**INSTRUCTIONS TO FOLLOW**:
The reply should reproduce every line of the data below word for word, minus any images.

**RECORDED DATA**:
::::::
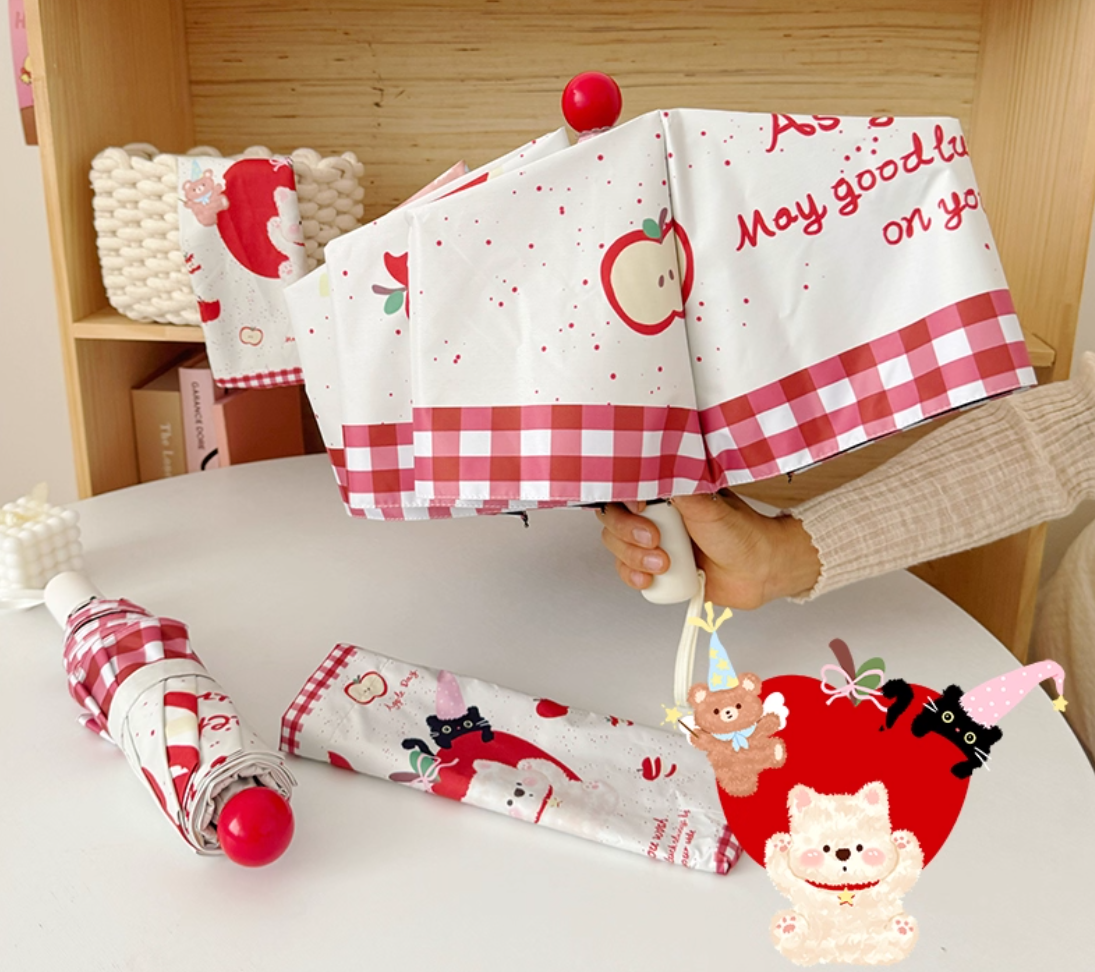 苹果修狗雨伞女晴雨伞两用太阳伞黑胶防晒防紫外线折叠遮阳伞自动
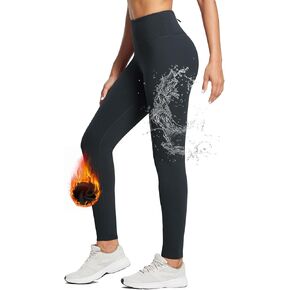 BALEAF Women's Fleece Lined Leggings Water Resistant Thermal Winter Warm Tights High Waisted with Pockets Running Gear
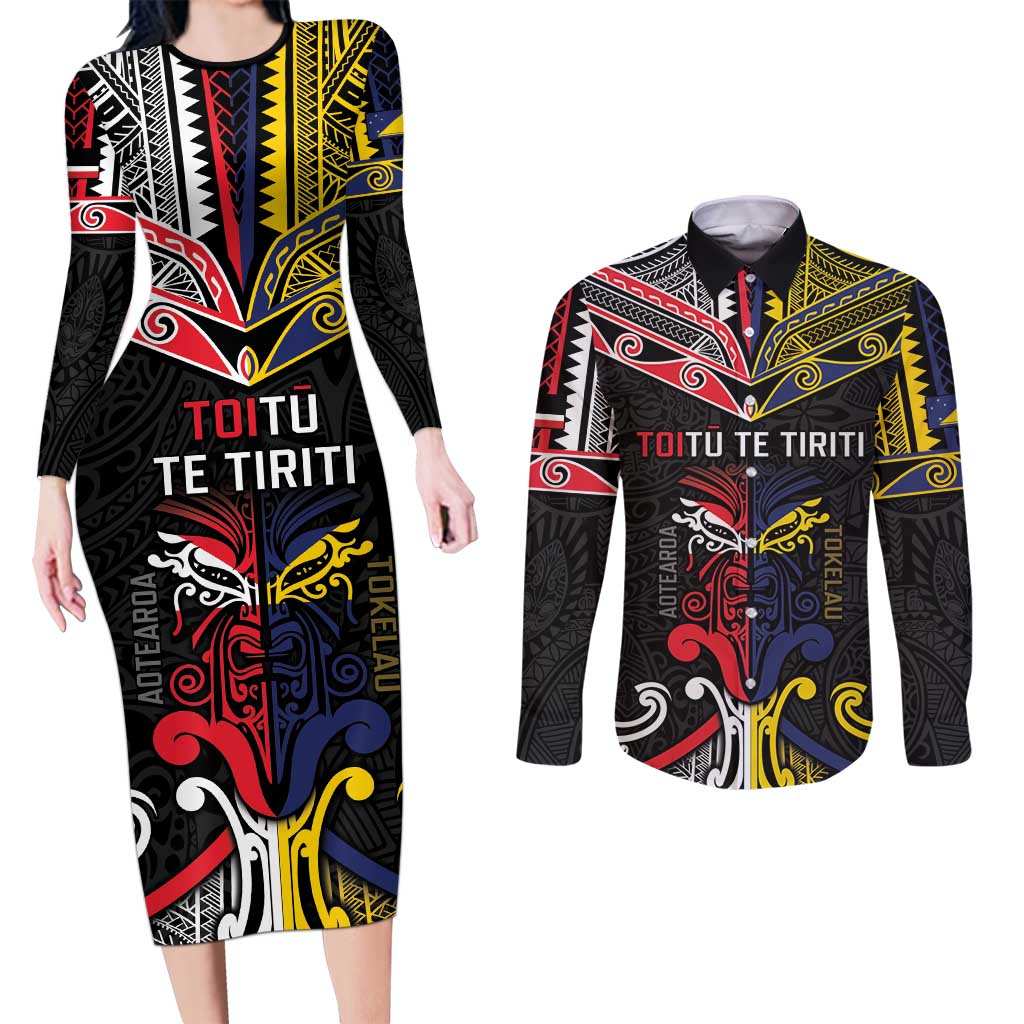 Tokelau And Aotearoa Couples Matching Long Sleeve Bodycon Dress and Long Sleeve Button Shirt Together For Te Tiriti O Waitangi LT05 Black - Polynesian Pride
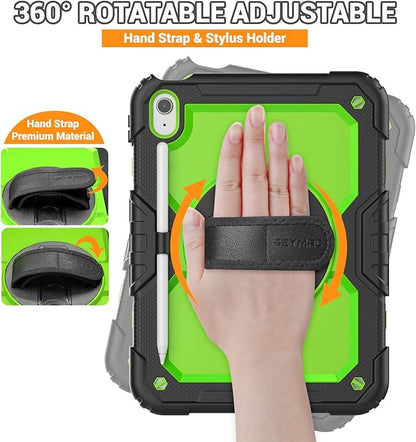 SEYMAC Case for iPad (A16) 11th/10th Generation 2025/2022 (11″/10.9″), Sturdy Heavy Duty Full-Body Shockproof Protective Case with Screen Protector, Rotating Stand, Hand/Shoulder Strap, Black/Green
::::::
**SOLUTION**:
 苹果修狗雨伞女晴雨伞两用太阳伞黑胶防晒防紫外线折叠遮阳伞自动
 BALEAF Women's Fleece Lined Leggings Water Resistant Thermal Winter Warm Tights High Waisted with Pockets Running Gear
 Tokelau And Aotearoa Couples Matching Long Sleeve Bodycon Dress and Long Sleeve Button Shirt Together For Te Tiriti O Waitangi LT05 Black - Polynesian Pride
 SEYMAC Case for iPad (A16) 11th/10th Generation 2025/2022 (11″/10.9″), Sturdy Heavy Duty Full-Body Shockproof Protective Case with Screen Protector, Rotating Stand, Hand/Shoulder Strap, Black/Green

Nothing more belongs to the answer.